# RIP Polko



## Ptamom (9 mo ago)

I am saddened to report that my lady Polko disappeared on the 18th. I am not sure what happened only that she didn’t return when I called her named. We have had some Fox spotting and I believe she may have fallen victim😔.
I am always attached to my animals and this wasn’t any different.

I did get 2 chicks yesterday (younger than what I wanted) we got Buff Orpington and a Colombian Wyandotte but my ❤ Still aches for Polko.


----------



## CatAndCrookedCricket (6 mo ago)

I’m sorry for your loss


----------



## Poultry Judge (Jul 15, 2020)

So sorry for your loss.


----------



## robin416 (Sep 8, 2013)

I'm so sorry, @Ptamom. 

If you don't have one, construct a secure run. A roof included. That way when you know preds are in the area you have the option to let the girls out and be safe.


----------



## dawg53 (Aug 25, 2015)

I'm sorry for your loss.


----------



## Ptamom (9 mo ago)

robin416 said:


> I'm so sorry, @Ptamom.
> 
> If you don't have one, construct a secure run. A roof included. That way when you know preds are in the area you have the option to let the girls out and be safe.

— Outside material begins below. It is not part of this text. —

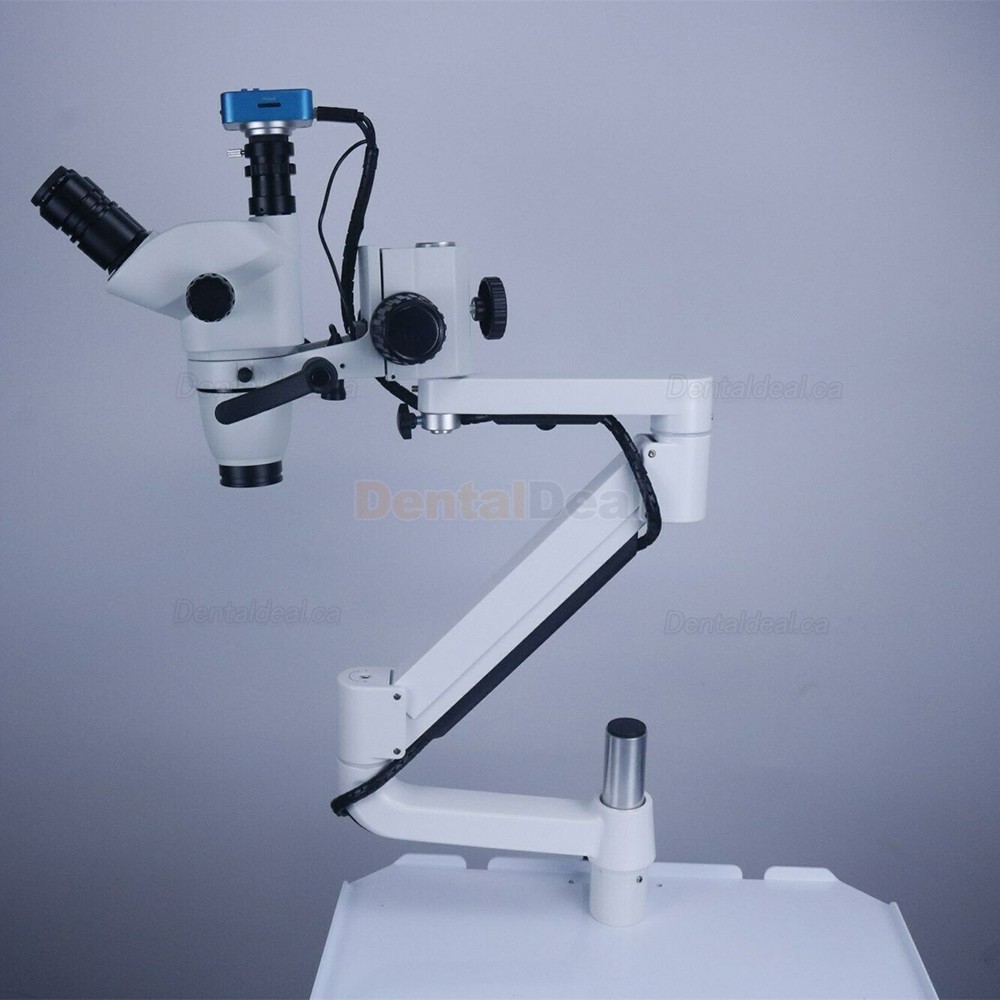 Dental Operating Endodontic Microscope with Camera for Dental Chair Unit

I do have a pretty secure run and definitely coop. She was free ranging with Cleo. Usually, they don’t too far and I have now started to make sure they are in the run before dusk.


----------



## robin416 (Sep 8, 2013)

Fox will come right into your backyard during the middle of the day. Ask me how I know.

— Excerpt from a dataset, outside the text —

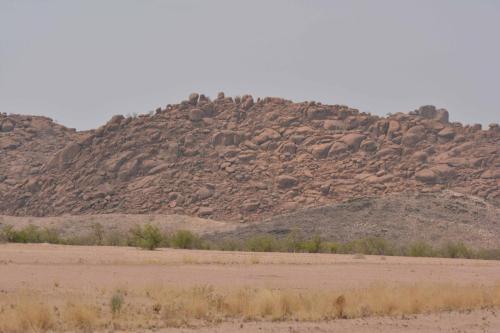 Entre petrified forest et Twyfelfontein
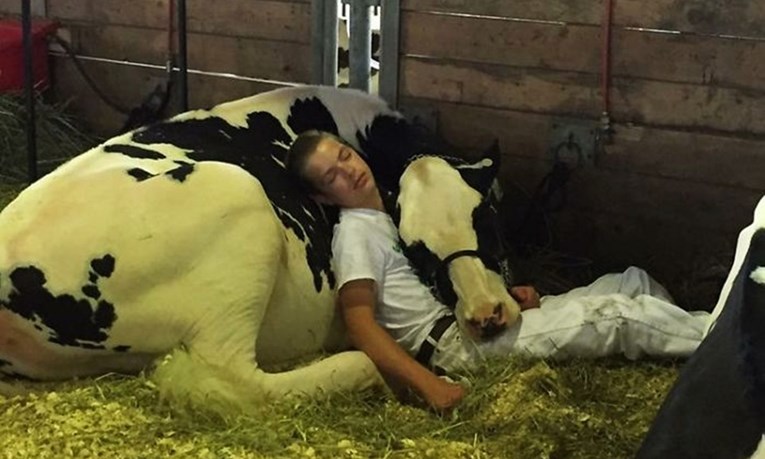 Umorni dječak i njegova krava nakon neuspješnog dana na sajmu stoke zaspali i osvojili Internet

No? Well, I'll tell you anyway. I was at my computer when I caught abnormal movement out of the corner of my eye. It was a fox after one of my Guineas in the backyard. I ran out the backdoor in my stocking feet, hit the ground running, yelling for the #%^@^ fox to leave my bird alone. 

He didn't get the bird.


----------



## Ptamom (9 mo ago)

robin416 said:


> Fox will come right into your backyard during the middle of the day. Ask me how I know.
> 
> No? Well, I'll tell you anyway. I was at my computer when I caught abnormal movement out of the corner of my eye. It was a fox after one of my Guineas in the backyard. I ran out the backdoor in my stocking feet, hit the ground running, yelling for the #%^@^ fox to leave my bird alone.
> 
> He didn't get the bird.


I would do the same thing. Looking like a crazy chicken lady chasing the fox.


----------



## robin416 (Sep 8, 2013)

You got it. You couldn't see houses at all where I lived but I'll bet they could hear me. I can't believe I could still run like that in my late 50's.


----------



## ChickenBiscuts (May 28, 2021)

I’m sorry, losing birds is always hard. 🫂


----------



## Ptamom (9 mo ago)

ChickenBiscuts said:


> I’m sorry, losing birds is always hard. 🫂


Thank you. I know it is farm life and each animal has a purpose. I am choosing to be grateful that my other ladies are ok.


----------



## robin416 (Sep 8, 2013)

Just because it's part of farm life doesn't mean we can't have compassion. That coming from someone who can't eat what she raises. So take that first little bit with caution. Or not.


----------



## LoxiKat (Aug 15, 2021)

So sorry for your loss.... X


----------